(Data extracted from a collection)
◇ ◇ ◇ ◇

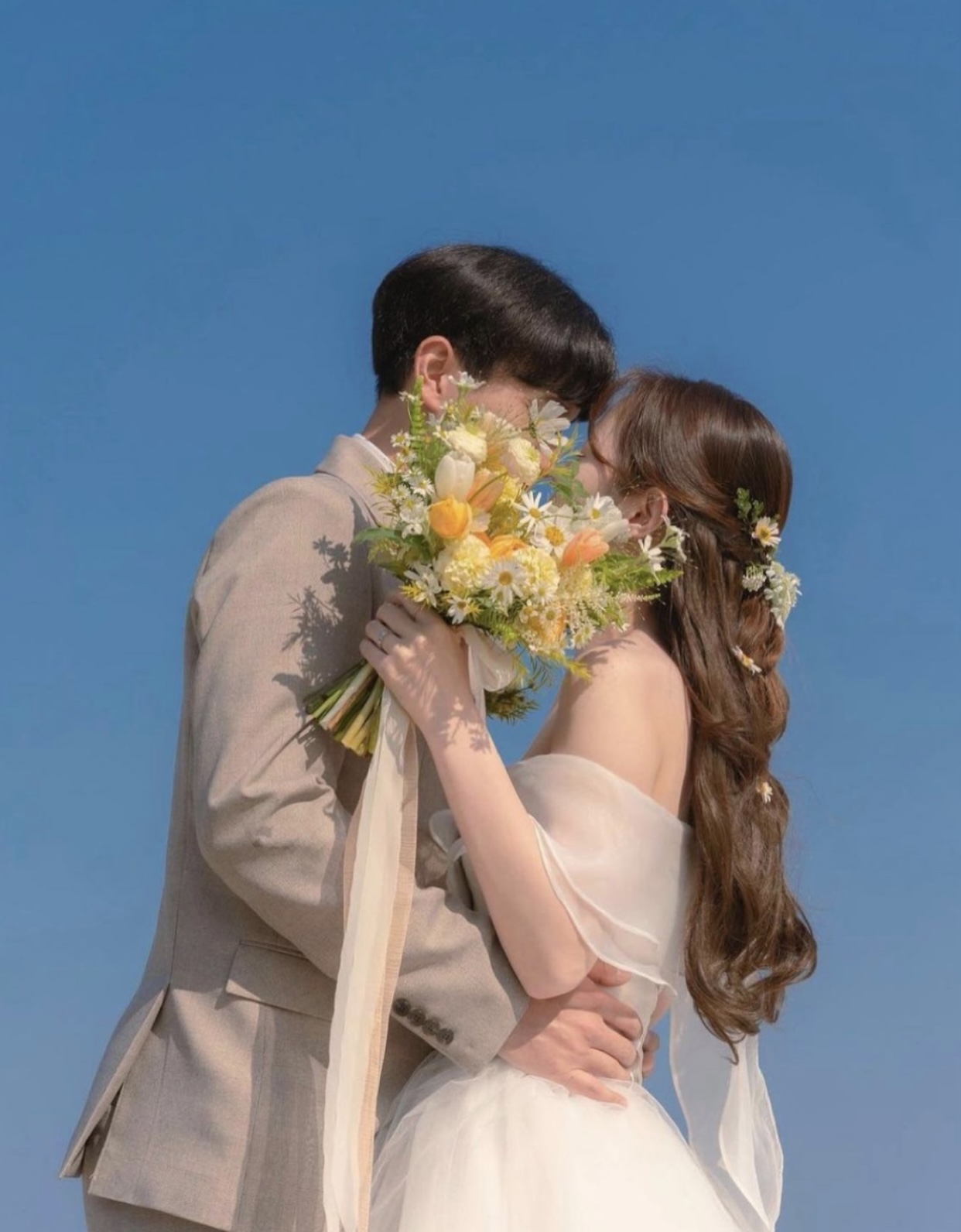 KẾT HÔN CHỚP NHOÁNG VỚI ANH CẢNH SÁT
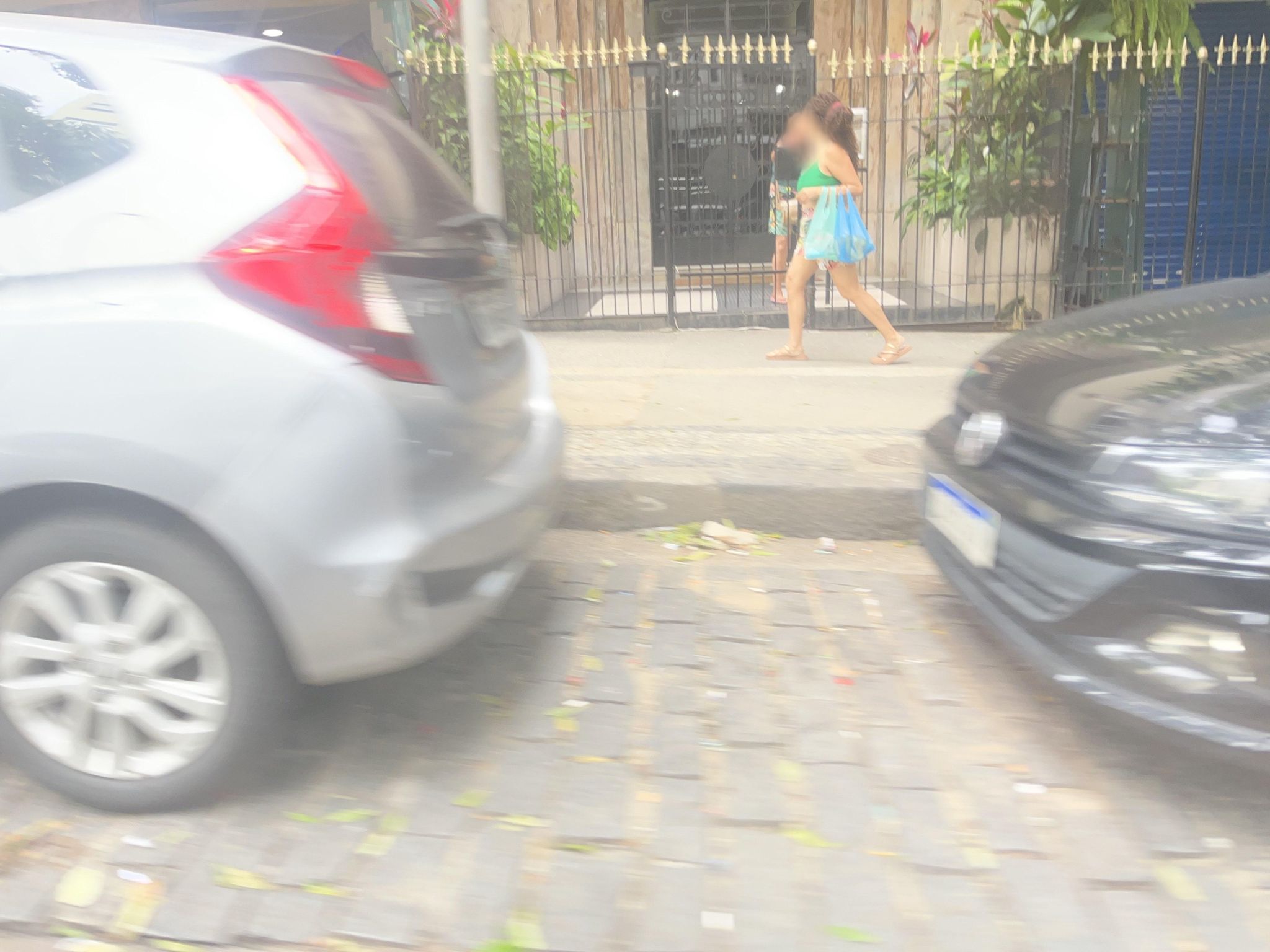 Street-level view near Ed Alexandre, Centro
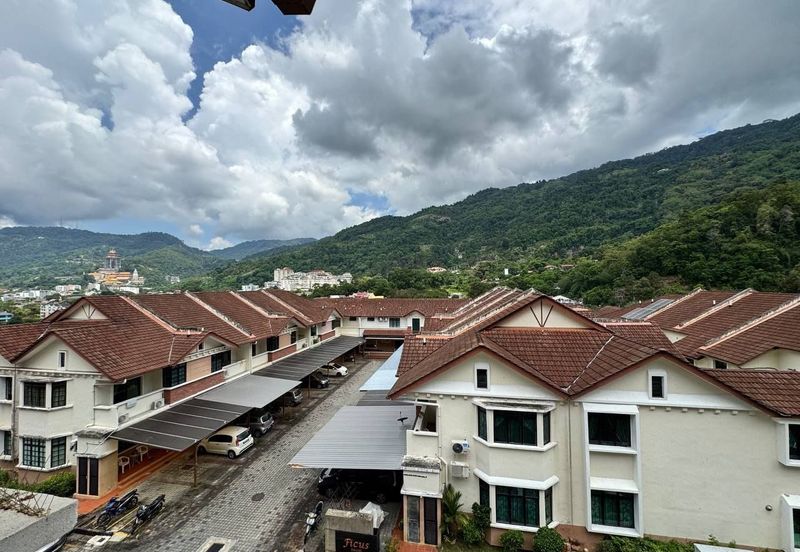 Hillside Villa Residence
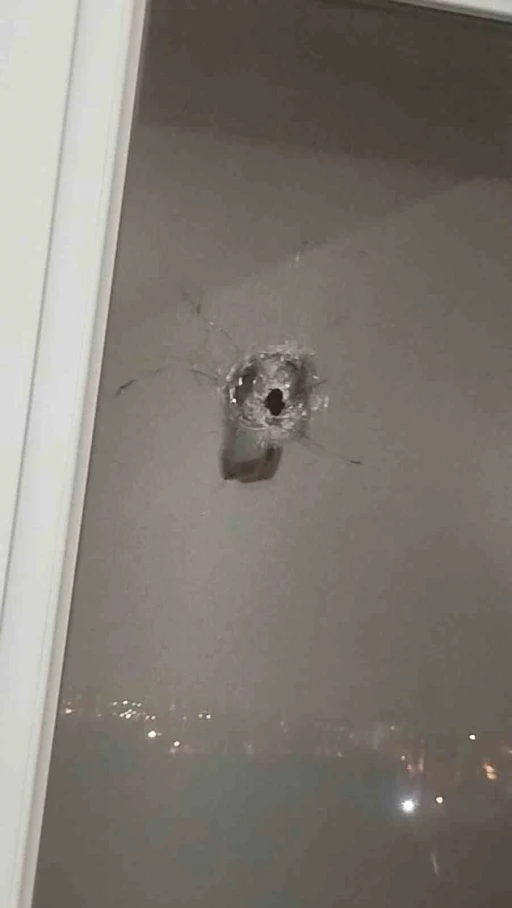 Esenyurt’ta alkollü maganda paniği: Evin camına kurşun isabet etti
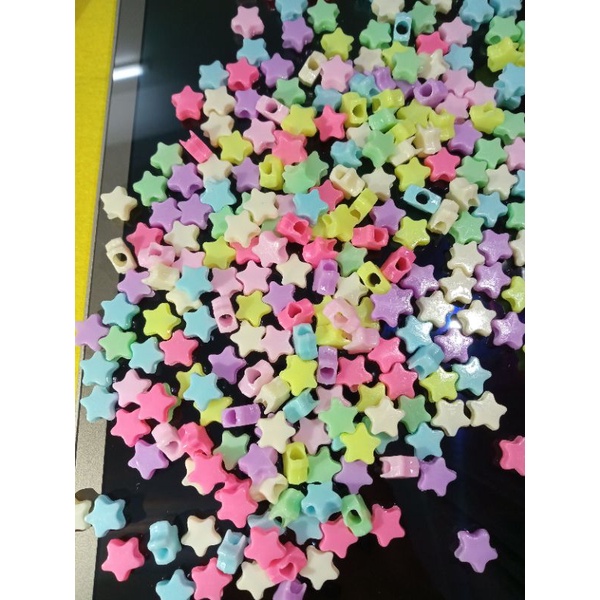 gói 100 hạt nhựa hình ngôi sao đủ màu và 2 mét cước thun dùng để xõ chuỗi đeo tay, hạt có thể làm cài tóc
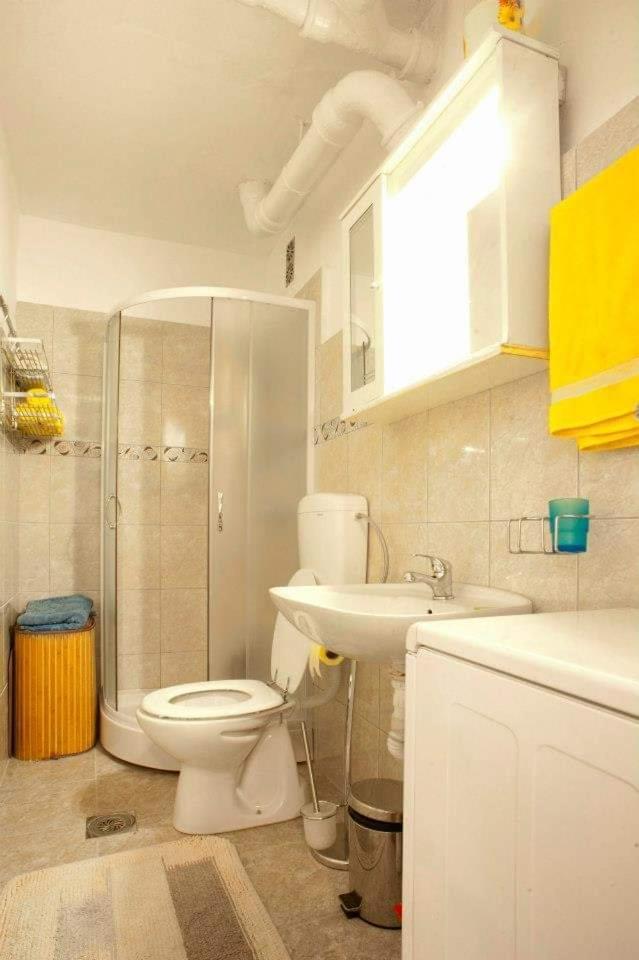 Apartments Aleksandar Петровац Номер фото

◇ ◇ ◇ ◇

• **What to work on**
For this exercise, set down exactly the lines that run from the line holding "Street-level view near Ed Alexandre, Centro" to the last line of the records above; include both end lines and omit pictures.

• **Answer box**
 Street-level view near Ed Alexandre, Centro
 Hillside Villa Residence
 Esenyurt’ta alkollü maganda paniği: Evin camına kurşun isabet etti
 gói 100 hạt nhựa hình ngôi sao đủ màu và 2 mét cước thun dùng để xõ chuỗi đeo tay, hạt có thể làm cài tóc
 Apartments Aleksandar Петровац Номер фото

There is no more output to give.